The script describes Nuclear City as housing all of North America's nuclear weapons and radioactive materials; however, this is not conveyed in the finished episode. The Mysteron threat as stated in the finished episode is truncated from the scripted version, in which the Mysterons specifically vow to destroy North America within seven days.

The casino set incorporated props that had previously appeared as part of the Creighton-Ward Mansion dining room in Thunderbirds. The miniature roulette props were parts of a toy set produced by Merit Toys and had previously appeared in the Thunderbirds episode "The Duchess Assignment". The ranch house scale model was a modified version of the hunting lodge seen in "Spectrum Strikes Back".

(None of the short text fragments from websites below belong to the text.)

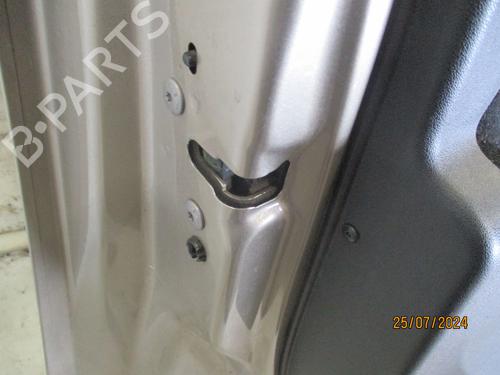 Left front door CITROËN C3 II (SC_) 1.6 VTi 120 | BP26635547C2 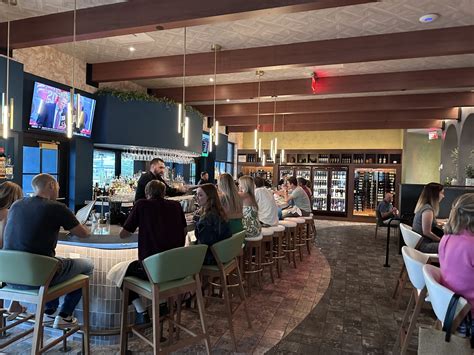 Taverna Toscana: A Premium Dining Experience in Downtown Bradenton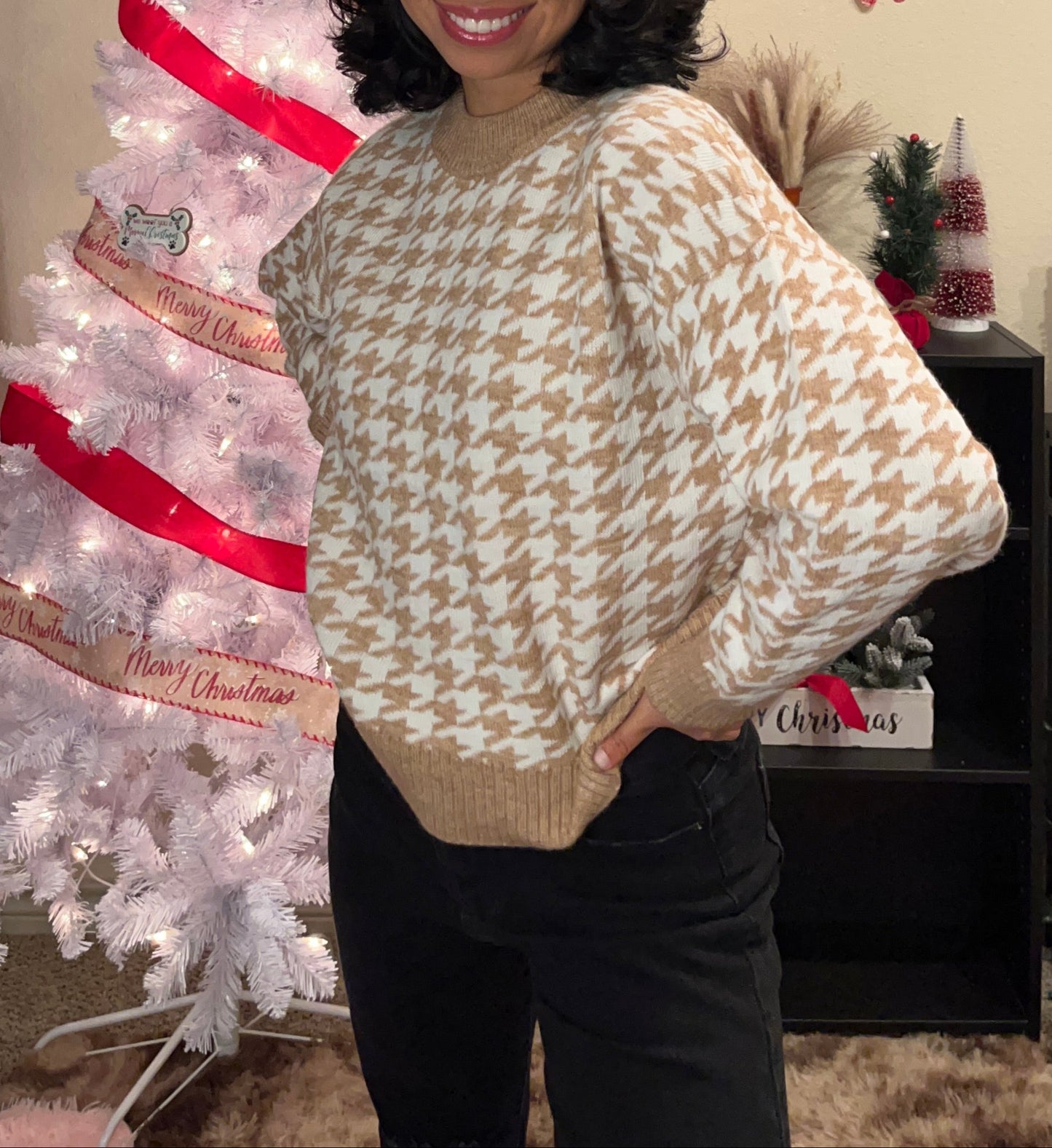 Gwen Sweater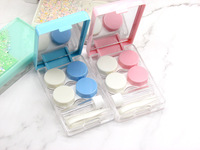 Kit for soft contact lenses (Kits for contact lenses) HF6111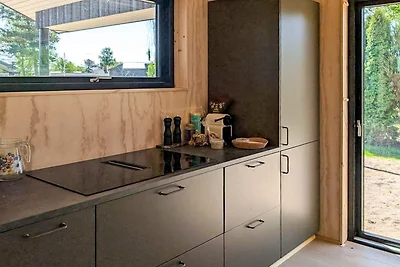 6 persoons vakantie huis in Juelsminde-By...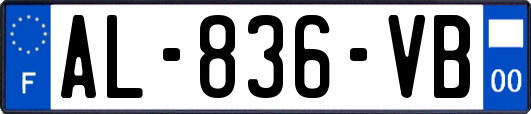 AL-836-VB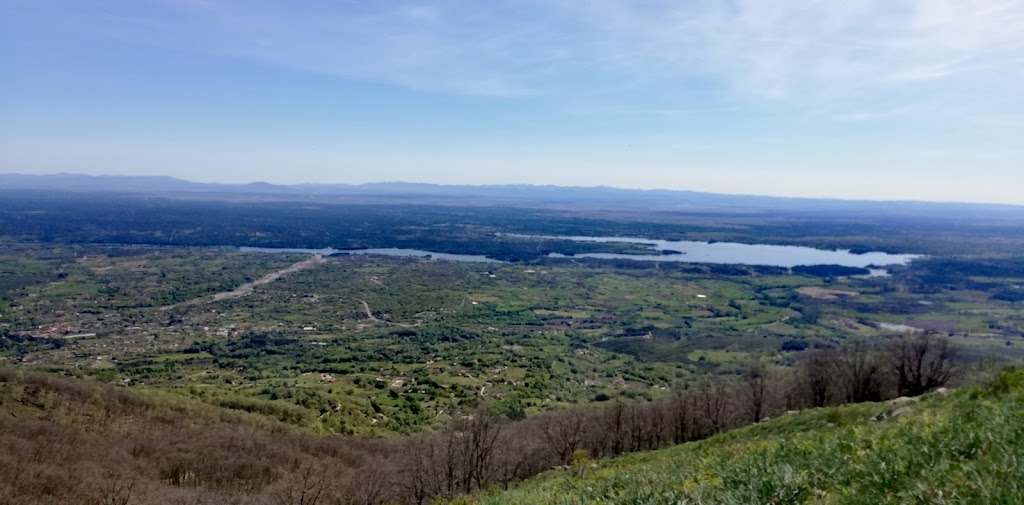 Ruta de los cabreros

All music in "Special Assignment" is taken from earlier episodes. One of the recycled tracks is "White as Snow", which was originally composed for the episode of the same name and can be heard during the scene of Mason's murder. The music accompanying the closing scene was originally composed for the Thunderbirds episode "30 Minutes After Noon".

Although the script states that Blue travels to the ranch house in a Spectrum Patrol Car, the model shot shows him driving an unmarked car. The fate of the Mysteron reconstruction of Mason is not shown.

"Special Assignment" is one of only a few episodes of Captain Scarlet in which Colonel White is seen away from Cloudbase. The only other episodes in which he is shown to leave the base are "White as Snow", "Spectrum Strikes Back" and "Flight to Atlantica".

== Reception ==
Chris Drake and Graeme Bassett noted the unusual nature of the plot, writing that it "contains more than one red herring". Andrew Pixley and Julie Rogers of Starburst magazine considered Black's murder of Mason, accomplished by running the attendant over with his car, to be one of the series' more violent moments, adding that Black kills another filling station worker in "Manhunt" by crushing him with a car lift.

In his book, Spectrum Is Indestructible, Fred McNamara criticised the episode's "clumsy, scrambling premise" and "bizarre" structure, commenting: "So much of it is stitched together so loosely. Everything in its set-up feels like it's in the wrong order, or that there's entire chunks of plot missing." He questioned the logic of the Mysterons' methods, noting that while the purpose of the reconstructed Kramer and Steele seems to be to recruit Scarlet, the aliens murder the original conmen before Scarlet is dismissed from Spectrum ("They had no way of knowing Captain Scarlet would fall right into their hands, so had Spectrum kept their plan hush-hush for a later date, what exactly would the Mysterons' plan have entailed?") Despite this, McNamara also considered the episode to be "full of visual strengths" and engaging "human aspects", praising the "harrowing sight" of the SPV being targeted by the Angel squadron as well as Ed Bishop and Francis Matthews's "crisp, stirring" voice acting during the scenes of the concerned Blue's search for his friend. He also admired scriptwriter Tony Barwick's skill in "playfully twisting Cold War motifs" as Spectrum and the Mysterons try to outwit each other and Scarlet apparently defects. He concluded that "[s]ometimes it's best to just let go of the madness and embrace the episode for what is – a lovely bit of Cold War-inspired trickery." In a later article, he ranked "Special Assignment" among the best episodes of Captain Scarlet, calling it "a delightfully subversive entry in the series" and commenting that "there's a noir-ish imagery in seeing Captain Scarlet, now just plain old Paul Metcalfe, reduced to being a lone wolf, skulking around dive bars and even betraying his closest friend, Captain Blue."